O fim da roubalheira

ANTONIO CARLOS MAGALHÃES

A cúpula do partido não gostou e até -em tom que me pareceu mais simples bravata do que outra coisa- anunciou que vai processar criminalmente o ex-presidente Fernando Henrique Cardoso por ele ter dito à revista "IstoÉ" e, com outras palavras, ter repetido no programa "Roda Vida", da TV Cultura, que a ética do Partido dos Trabalhadores é a ética da roubalheira.

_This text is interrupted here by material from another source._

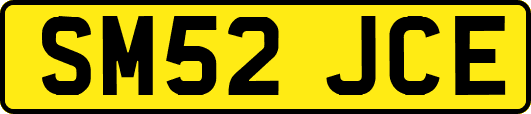 SM52JCE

Inacreditável que o atual presidente da República ainda tenha coragem de levantar a bandeira da ética


É compreensível essa reação -de falsa indignação- do PT. A verdade, às vezes, dói. Sobretudo quando dita como foi e como deve ser dita, sem eufemismos nem subterfúgios.
O que o ex-presidente disse não constitui novidade para nenhum brasileiro. Trata-se de verdade de domínio público, o que certamente seus advogados demonstrarão, nos termos do parágrafo 3º do art. 138 do Código Penal, caso a ameaça do processo criminal se concretize -do que duvido muito.
O certo é que, em seus 117 anos de República, o Brasil jamais passou por momento de degenerescência moral similar ao que o PT e seus áulicos lhe impuseram desde que estão no governo.
Para mim, no entanto, tão grave quanto a roubalheira a que o ex-presidente se referiu é a maneira como se tem procurado impedir as investigações e proteger os responsáveis por ela.
Agindo assim, o presidente da República protege os corruptos e faz perdurar a corrupção. De um lado, ele afirmou à imprensa querer apurar tudo, ver punidos os responsáveis e, se preciso, cortar na própria carne. De outro lado, na contramão do que deseja a sociedade, sem cerimônia e de forma desesperada, o governo tentou, inicialmente, evitar a instalação das CPIs, e, ainda hoje, tenta esvaziá-las de qualquer maneira, para isso recorrendo até a expedientes antiéticos.
São ações deletérias, embora inúteis, pois levaremos as investigações até o fim, identificando os autores materiais e intelectuais da roubalheira.
Inacreditável que o presidente da República ainda tenha coragem de levantar a bandeira da ética -ética que ele desprezou e despreza- e seja capaz de ignorar que seu período de governo é tido como o mais antiético e corrupto da história do Brasil.
Eu já disse e repito que, quem quer que seja o candidato das oposições nas eleições presidenciais de outubro, terá que colocar entre as principais promessas de campanha o compromisso de reconstruir moralmente o país. Esse é o pressuposto básico para que o povo, superada a desastrosa e frustrante experiência petista, volte a acreditar no Brasil, nos homens que tentam construí-lo e em suas instituições.
Em condições normais, nenhum candidato a cargo eletivo, muito menos à Presidência da República, teria necessidade de sair por aí apresentando atestado de bons antecedentes criminais e prometendo um governo de honestidade e austeridade -duas virtudes que, a princípio, se supõe intrínsecas ao caráter de um postulante a qualquer cargo público.
Todavia, depois do péssimo exemplo do Partido dos Trabalhadores e de seus aliados, nenhum candidato poderá chegar ao palanque e apenas prometer que, se eleito, pretende combater a fome, reduzir as taxas de juros, aumentar as oportunidades de emprego, conter a violência ou promover uma reforma agrária de verdade.
O candidato das oposições, que não deve demorar a apresentar-se à nação, terá que assumir o compromisso de enfrentar e superar esses e outros desafios que o PT e seus aliados até aqui só fizeram, despudoradamente, empurrar com a barriga farta.
Mas esse candidato precisa, mais que prometer, demonstrar ao cidadão que a era da roubalheira institucionalizada, que toda a sociedade conhece e rejeita, termina em 31 de dezembro, com o fim melancólico do mandato equivocado do senhor Luiz Inácio Lula da Silva e o início de um novo governo, que restitua ao país a dignidade arranhada.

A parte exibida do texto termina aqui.